Counting values when some are missing/invalid
df = pl.scan_parquet("../titanic.parquet")
df.group_by('deck').len().collect()
Dropping missing/invalid values
df = pl.scan_parquet("../titanic.parquet")
df.drop_nulls().collect()
df.filter(pl.col('deck').is_not_null()).collect()
Working with multiple DataFrames
Joining DataFrames
df1 = pl.DataFrame({'x': [0.2, 1.3, 9.1], 'y': [-9.2, 88.2, 1.5]})
df2 = pl.DataFrame({'x': [9.1, 0.2], 'z': [13124.0, 559.3]})
df1.join(df2, on='x')
Concatenating DataFrames (vertically)
df1 = pl.DataFrame({'x': [0.2, 1.3, 9.1], 'y': [-9.2, 88.2, 1.5]})
df2 = pl.DataFrame({'x': [9.1, 0.2], 'z': [13124.0, 559.3]})
pl.concat([df1, df2], how='diagonal')
Categorical data
# Use a StringCache for the code block below in order to map strings to the same uints when
# creating df1, df2 and pl.concat([df1, df2])
#
# Alternatively, use pl.enable_string_cache() to enable the global string cache if you do not
# have a large number of strings.
with pl.StringCache():
df1 = pl.DataFrame(
{"a": ["blue", "blue", "green"], "b": [4, 5, 6]},
schema_overrides={"a": pl.Categorical},
)
df2 = pl.DataFrame(
{"a": ["green", "green", "blue"], "b": [4, 5, 6]},
schema_overrides={"a": pl.Categorical},
)
df1.with_columns(pl.col('a').to_physical().name.suffix('_physical'))
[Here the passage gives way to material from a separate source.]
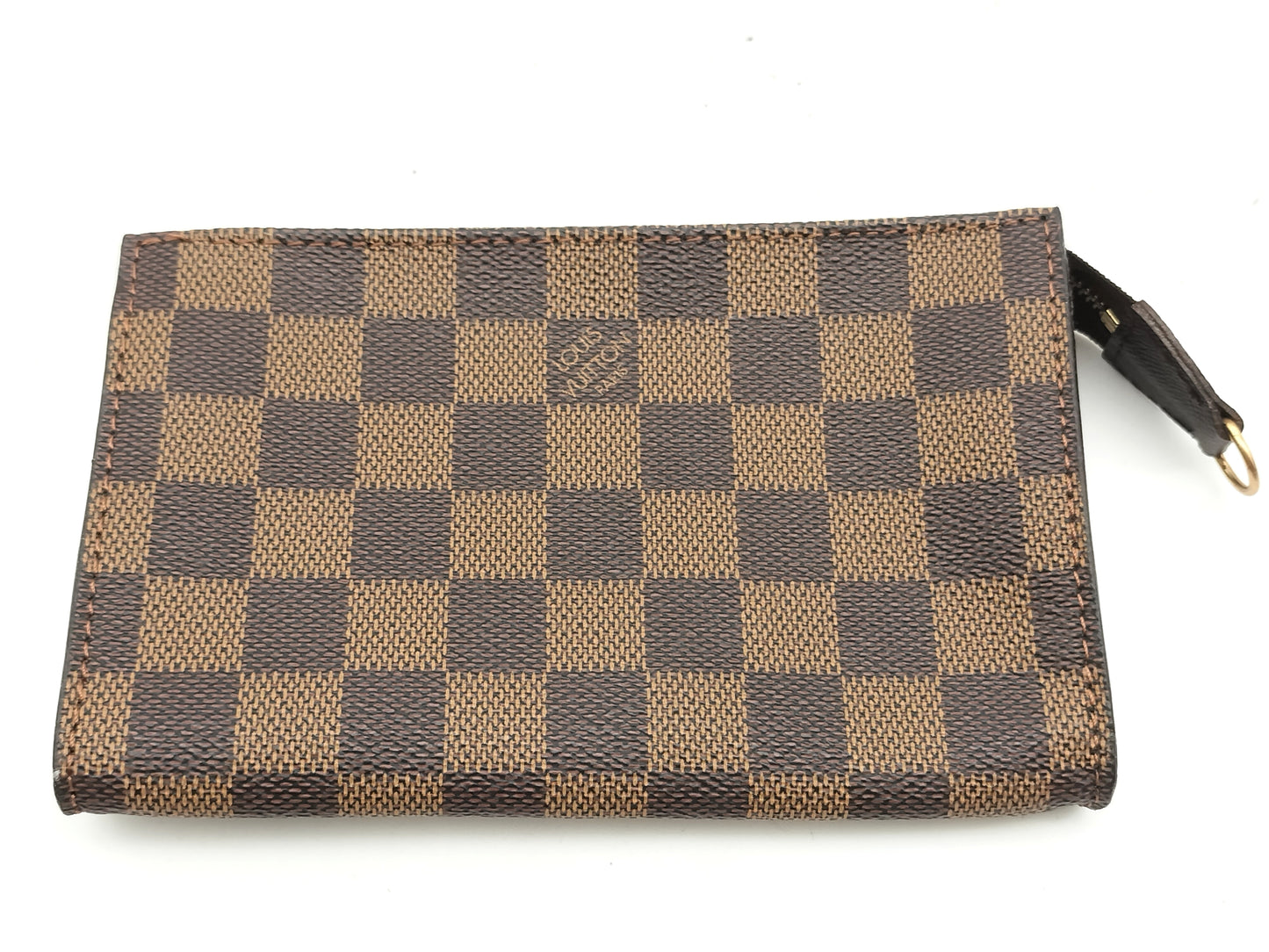 LOUIS VUITTON Damier Mare N42240 Tote Bag with Pouch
df2.with_columns(pl.col('a').to_physical().name.suffix('_physical'))
pl.concat([df1, df2])
Restricting values to Enum values
s = pl.Series(["flower", "tree", "flower"], dtype=pl.Enum(["flower", "tree", "bonsai"]))
s.dtype
Using LazyFrames instead of (eager) DataFrames
- Using LazyFrames enables lazy evaluation makes it possible for optimizations to be applied automatically instead of requiring hand-rolled optimizations to be used instead.
- If you use expressions the lazy mode should be equivalent to the eager mode (except the need to call
.collect()
at the end).
Textual representation of query plan
import polars as pl
df = pl.LazyFrame({"a": [1, 2, 3], "b": [4, 5, 6]})
print(df.explain())
Digraph representation of query plan
df = pl.LazyFrame({"a": [1, 2, 3], "b": [4, 5, 6]})
df.show_graph()
Executing row-wise operations
In order to execute some row-wise operations when using Polars one might need to use nested data types.
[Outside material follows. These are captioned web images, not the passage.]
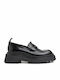 Damen Loafers in Schwarz Farbe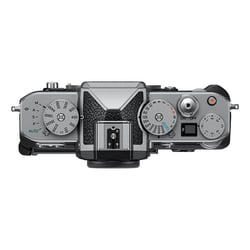 NIKON Zf Silver + Objectif NIKKOR Z 40mm f/2 SE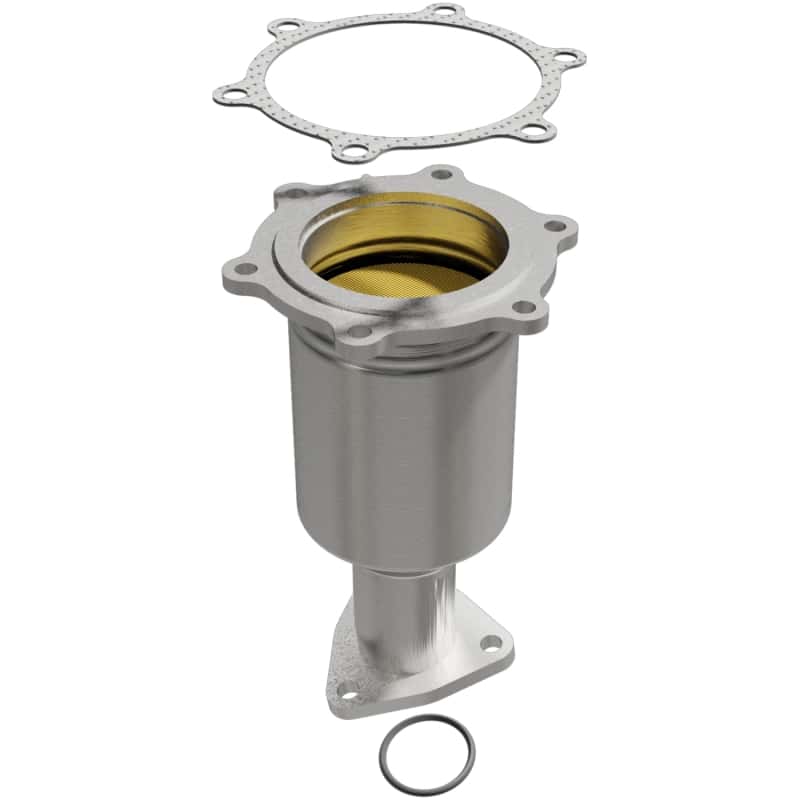 Magnaflow — MagnaFlow Conv DF 01-04 Pathfinder P/S frt OE
OEM Grade
OEM - view 1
df = pl.DataFrame({'a': [1, 2, 3], 'b': [4, 5, 6]})
df.select(pl.cum_sum_horizontal(pl.all())).unnest('cum_sum')
Streaming
df = pl.LazyFrame({"a": [1, 2, 3], "b": [4, 5, 6]})
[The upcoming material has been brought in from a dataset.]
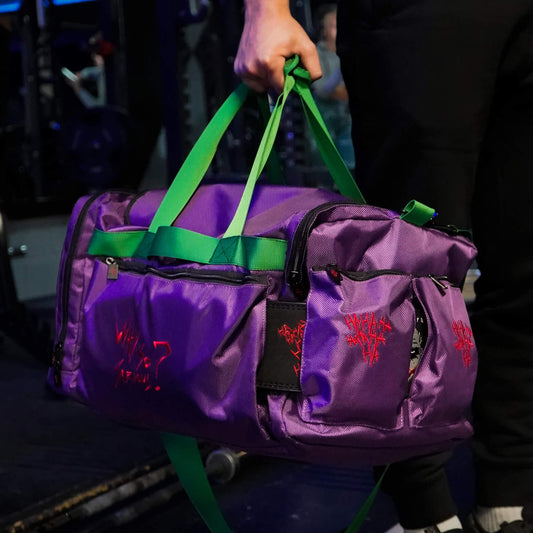 Why So Serious Duffle Bag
df.with_columns(c=pl.col('a') + pl.col('b')).collect(engine='streaming')
Miscellaneous
- Data is stored in a columnar (Arrow) format when using Polars.
- In Polars objects are usually immutable.
- In order to improve execution time performance use non-eval approach first, eval second, map_batches third and map_elements fourth (because of jumping btw. Python and a Rust binary)
- Use struct column type if the format/structure of a column is fixed. Otherwise use object type.
- pl.Series()._get_buffers() -> underlying representation.
- .collect([new_]streaming=True, gpu=True) for using streaming and/or GPUs when collecting results from a lazy DataFrame.
- Using sorted data enables Polars to use some optimizations which reduce execution time. Use
set_sorted
to tell Polars that data is sorted (Polars won’t check, so use w/ care).